HP has issued a letter to its shareholders deriding Xerox for advancing its tender offer and proposed slate of directors in the middle of the global coronavirus pandemic. Xerox said two weeks ago that it was hitting the pause button on its pursuit to acquire HP while still moving forward with its tender offer and proposed board slate.
HP's board has consistently rejected Xerox's efforts to force a combination, and now says that a merger would be even more tenuous given the current economic environment and global health crisis.
"It is important for shareholders to understand that, under these circumstances and consistent with our fiduciary duties, we believe that we should not divert valuable time, attention and resources to a dialogue with Xerox about its proposed transaction," HP said in the shareholder letter. "Any complex, large-scale, highly leveraged transaction in the current economic environment could be disastrous for HP, its shareholders and our entire ecosystem.
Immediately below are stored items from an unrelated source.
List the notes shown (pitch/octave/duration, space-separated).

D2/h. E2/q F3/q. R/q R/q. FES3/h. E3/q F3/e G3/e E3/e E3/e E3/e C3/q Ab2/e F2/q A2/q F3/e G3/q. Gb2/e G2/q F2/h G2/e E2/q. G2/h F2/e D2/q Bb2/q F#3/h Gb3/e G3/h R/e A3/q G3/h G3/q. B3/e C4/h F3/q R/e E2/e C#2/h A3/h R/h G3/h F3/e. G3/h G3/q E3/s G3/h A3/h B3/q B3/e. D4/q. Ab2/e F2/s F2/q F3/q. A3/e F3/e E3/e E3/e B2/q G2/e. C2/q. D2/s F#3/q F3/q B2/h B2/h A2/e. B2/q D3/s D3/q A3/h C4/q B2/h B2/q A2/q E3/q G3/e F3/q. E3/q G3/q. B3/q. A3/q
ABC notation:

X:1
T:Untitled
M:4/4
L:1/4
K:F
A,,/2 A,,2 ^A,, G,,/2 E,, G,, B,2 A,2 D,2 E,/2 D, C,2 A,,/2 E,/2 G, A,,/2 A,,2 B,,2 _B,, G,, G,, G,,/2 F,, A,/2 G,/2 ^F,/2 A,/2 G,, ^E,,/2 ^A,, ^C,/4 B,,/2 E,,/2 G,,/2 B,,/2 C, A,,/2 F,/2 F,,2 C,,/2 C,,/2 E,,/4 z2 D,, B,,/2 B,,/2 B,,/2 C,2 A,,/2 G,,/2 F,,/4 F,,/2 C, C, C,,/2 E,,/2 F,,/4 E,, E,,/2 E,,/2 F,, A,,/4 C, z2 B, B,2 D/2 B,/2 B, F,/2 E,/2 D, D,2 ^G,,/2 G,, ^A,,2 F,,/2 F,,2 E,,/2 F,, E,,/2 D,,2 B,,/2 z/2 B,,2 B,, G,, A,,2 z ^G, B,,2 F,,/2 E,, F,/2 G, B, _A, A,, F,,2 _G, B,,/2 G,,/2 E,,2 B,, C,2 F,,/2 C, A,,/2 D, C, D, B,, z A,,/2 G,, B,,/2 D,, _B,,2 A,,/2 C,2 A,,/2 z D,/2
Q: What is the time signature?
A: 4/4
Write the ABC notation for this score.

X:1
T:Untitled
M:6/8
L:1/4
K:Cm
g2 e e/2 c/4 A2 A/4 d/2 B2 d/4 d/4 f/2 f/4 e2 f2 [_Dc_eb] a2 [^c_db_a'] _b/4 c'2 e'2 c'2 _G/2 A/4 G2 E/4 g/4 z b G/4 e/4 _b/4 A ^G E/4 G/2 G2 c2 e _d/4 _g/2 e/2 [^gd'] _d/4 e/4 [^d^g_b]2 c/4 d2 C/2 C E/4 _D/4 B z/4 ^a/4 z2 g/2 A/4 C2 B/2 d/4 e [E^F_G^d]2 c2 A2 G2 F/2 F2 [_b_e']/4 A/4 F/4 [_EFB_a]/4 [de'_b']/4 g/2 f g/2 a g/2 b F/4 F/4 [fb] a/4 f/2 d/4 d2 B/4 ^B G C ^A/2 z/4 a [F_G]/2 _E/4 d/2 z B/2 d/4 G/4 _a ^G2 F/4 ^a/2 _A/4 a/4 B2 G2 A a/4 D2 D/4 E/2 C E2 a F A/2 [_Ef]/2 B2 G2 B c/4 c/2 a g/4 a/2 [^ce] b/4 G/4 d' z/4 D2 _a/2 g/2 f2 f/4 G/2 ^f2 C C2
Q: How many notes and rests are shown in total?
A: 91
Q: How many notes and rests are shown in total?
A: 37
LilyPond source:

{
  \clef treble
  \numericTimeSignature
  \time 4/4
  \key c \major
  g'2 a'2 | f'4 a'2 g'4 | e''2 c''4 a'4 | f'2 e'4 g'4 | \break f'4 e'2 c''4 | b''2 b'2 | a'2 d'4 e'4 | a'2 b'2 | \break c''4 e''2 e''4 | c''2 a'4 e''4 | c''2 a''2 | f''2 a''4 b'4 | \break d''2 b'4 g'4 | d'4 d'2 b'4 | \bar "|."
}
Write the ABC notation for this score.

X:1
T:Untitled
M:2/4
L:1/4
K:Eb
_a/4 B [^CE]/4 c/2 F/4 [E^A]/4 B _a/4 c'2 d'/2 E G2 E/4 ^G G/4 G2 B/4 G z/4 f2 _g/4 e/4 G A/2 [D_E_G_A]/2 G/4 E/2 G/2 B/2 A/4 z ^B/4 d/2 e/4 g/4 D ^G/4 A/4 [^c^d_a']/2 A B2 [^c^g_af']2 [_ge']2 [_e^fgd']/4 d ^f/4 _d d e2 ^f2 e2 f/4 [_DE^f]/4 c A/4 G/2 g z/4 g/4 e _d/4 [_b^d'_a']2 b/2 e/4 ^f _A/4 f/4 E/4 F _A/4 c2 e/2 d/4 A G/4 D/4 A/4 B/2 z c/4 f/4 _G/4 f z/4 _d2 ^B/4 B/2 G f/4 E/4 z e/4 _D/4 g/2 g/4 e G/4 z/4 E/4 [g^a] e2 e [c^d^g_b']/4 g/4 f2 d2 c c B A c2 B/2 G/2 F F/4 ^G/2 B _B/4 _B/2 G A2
While we remain open-minded about M&A as a tool to add value for HP shareholders at the right time and on the right terms – it's abundantly clear that now is not that time."
HP goes on to reiterate its "deep concerns" about the capital structure reflected in Xerox's proposal, which it says would saddle HP with a level of debt that it could not support.
HP's current board remains united behind HP leadership and its rejection of Xerox's takeover bid. Earlier this year HP announced a three-year strategic and financial value creation plan meant to drive earnings growth. The plan includes a capital return program aiming to return $16 billion to HP shareholders during fiscal 2020 to fiscal 2022. At the same time, HP said it was reaching out to Xerox "to explore if there is a combination that creates value for HP shareholders that is additive to HP's strategic and financial plan."